-- Excerpted data follows --
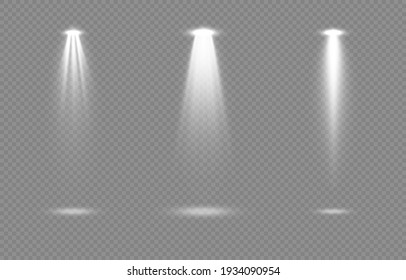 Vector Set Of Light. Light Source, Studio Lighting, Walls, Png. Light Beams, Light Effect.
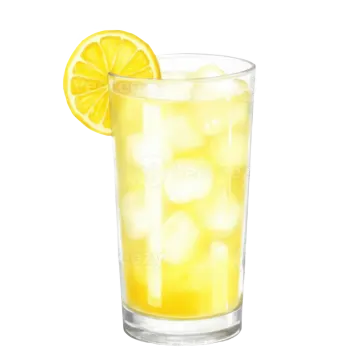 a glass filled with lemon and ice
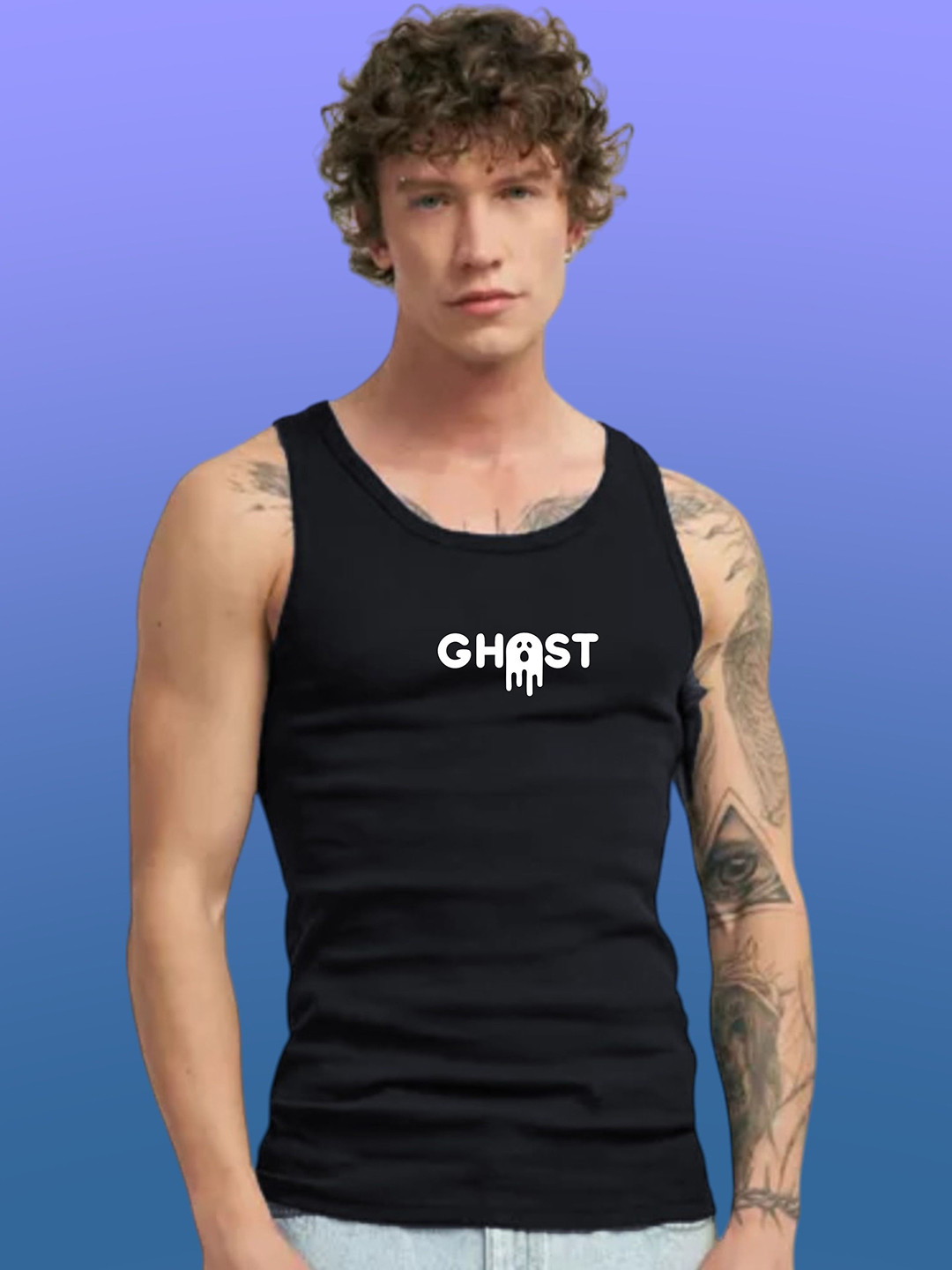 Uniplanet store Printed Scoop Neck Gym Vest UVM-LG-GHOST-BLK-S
-- Excerpted data concluded --
-- Excerpted data follows --
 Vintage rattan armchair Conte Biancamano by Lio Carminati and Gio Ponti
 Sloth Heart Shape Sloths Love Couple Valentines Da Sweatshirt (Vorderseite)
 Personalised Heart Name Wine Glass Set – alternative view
-- Excerpted data concluded --
-- Excerpted data follows --
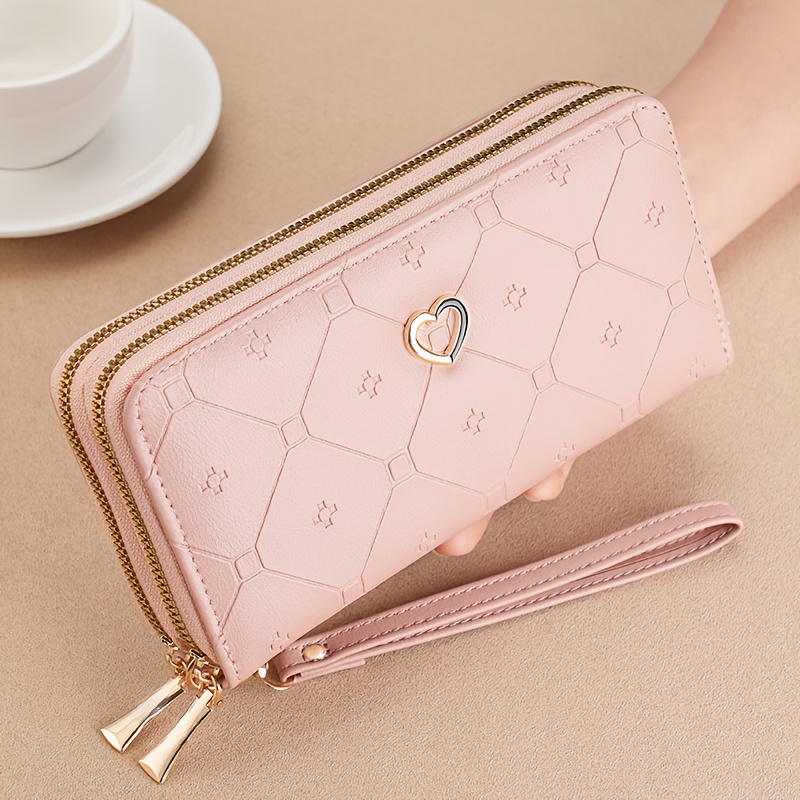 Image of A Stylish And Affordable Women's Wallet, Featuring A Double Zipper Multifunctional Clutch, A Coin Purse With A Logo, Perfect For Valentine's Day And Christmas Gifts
-- Excerpted data concluded --
• **Task to complete**: Pictures are to be left out. Write out only the lines above starting at the one with "Vector Set Of" and ending at the one with "Uniplanet store Printed", both lines included, exactly.

• **Task solution**:
 Vector Set Of Light. Light Source, Studio Lighting, Walls, Png. Light Beams, Light Effect.
 a glass filled with lemon and ice
 Uniplanet store Printed Scoop Neck Gym Vest UVM-LG-GHOST-BLK-S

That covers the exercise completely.